The patch of the present invention may be prepared using materials well known to those skilled in the art, such as natural or synthetic polymers (e.g., acrylic acid or derivatives thereof, polysiloxanes, block copolymers, vinyl acetate/vinyl copolymers, rubbers and derivatives thereof, etc.), depending on the nature of the active ingredient to be delivered. Other suitable known substances commonly used by those skilled in the art, such as solubilizers, plasticizers, resins, stabilizers, fillers or transdermal enhancers, may also be combined with the active ingredient.
Likewise, films such as those commonly used by those skilled in the art of transdermal systems, for example, ethylene/vinyl acetate copolymer films, may be used.
Where one or more matrix patches are employed in the system of the present invention, the matrix patches may be made using coating techniques well known to those skilled in the art, either with solvent or hot melt (solvent-free).

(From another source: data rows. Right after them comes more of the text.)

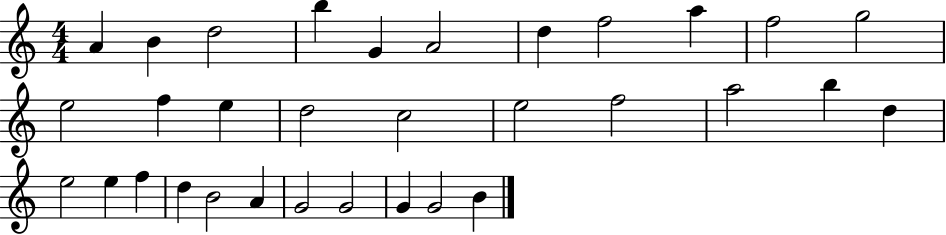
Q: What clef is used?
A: treble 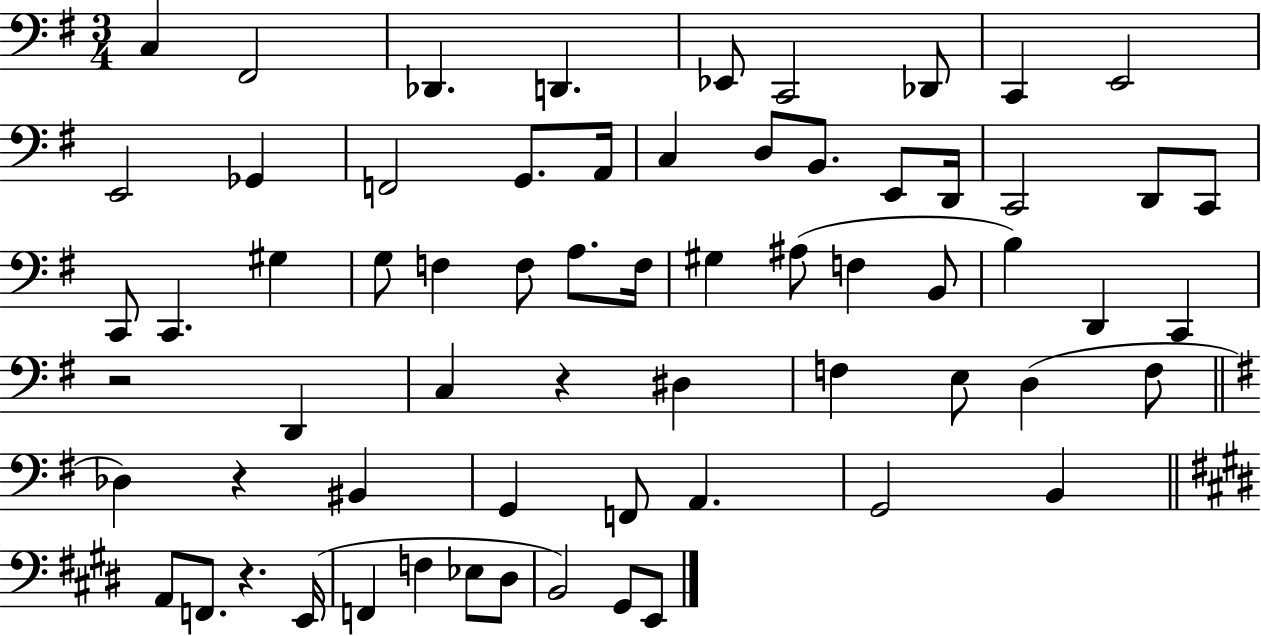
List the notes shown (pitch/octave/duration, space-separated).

C3/q F#2/h Db2/q. D2/q. Eb2/e C2/h Db2/e C2/q E2/h E2/h Gb2/q F2/h G2/e. A2/s C3/q D3/e B2/e. E2/e D2/s C2/h D2/e C2/e C2/e C2/q. G#3/q G3/e F3/q F3/e A3/e. F3/s G#3/q A#3/e F3/q B2/e B3/q D2/q C2/q R/h D2/q C3/q R/q D#3/q F3/q E3/e D3/q F3/e Db3/q R/q BIS2/q G2/q F2/e A2/q. G2/h B2/q A2/e F2/e. R/q. E2/s F2/q F3/q Eb3/e D#3/e B2/h G#2/e E2/e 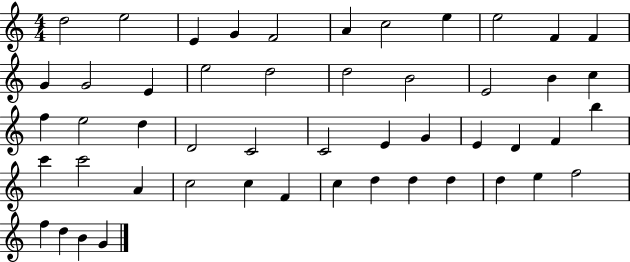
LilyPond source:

{
  \clef treble
  \numericTimeSignature
  \time 4/4
  \key c \major
  d''2 e''2 | e'4 g'4 f'2 | a'4 c''2 e''4 | e''2 f'4 f'4 | \break g'4 g'2 e'4 | e''2 d''2 | d''2 b'2 | e'2 b'4 c''4 | \break f''4 e''2 d''4 | d'2 c'2 | c'2 e'4 g'4 | e'4 d'4 f'4 b''4 | \break c'''4 c'''2 a'4 | c''2 c''4 f'4 | c''4 d''4 d''4 d''4 | d''4 e''4 f''2 | \break f''4 d''4 b'4 g'4 | \bar "|."
}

Also, in the case of a reservoir type patch, the patch can be produced by a technique well known to those skilled in the art, for example, a reservoir is formed by heat-sealing a support to a membrane and filling the reservoir at the same time or at different times.
In both cases, the patch is of a suitable size in industrial production, based on the amount of active ingredient or ingredients contained per surface area, so that the system can deliver a selected dose of active ingredient in a given time.
The transdermal systems of the present invention may have any geometry: square, rectangular, circular or oval. The individual patches may be arranged side-by-side or concentrically (each patch surrounding a patch), or any other geometry may be used. The patch may be separated or surrounded by one or more additional films, which may be adhered together if desired.
For active ingredients which are administered transdermally and act locally or systemically, any combination of several active ingredients can be used within the scope of the present invention.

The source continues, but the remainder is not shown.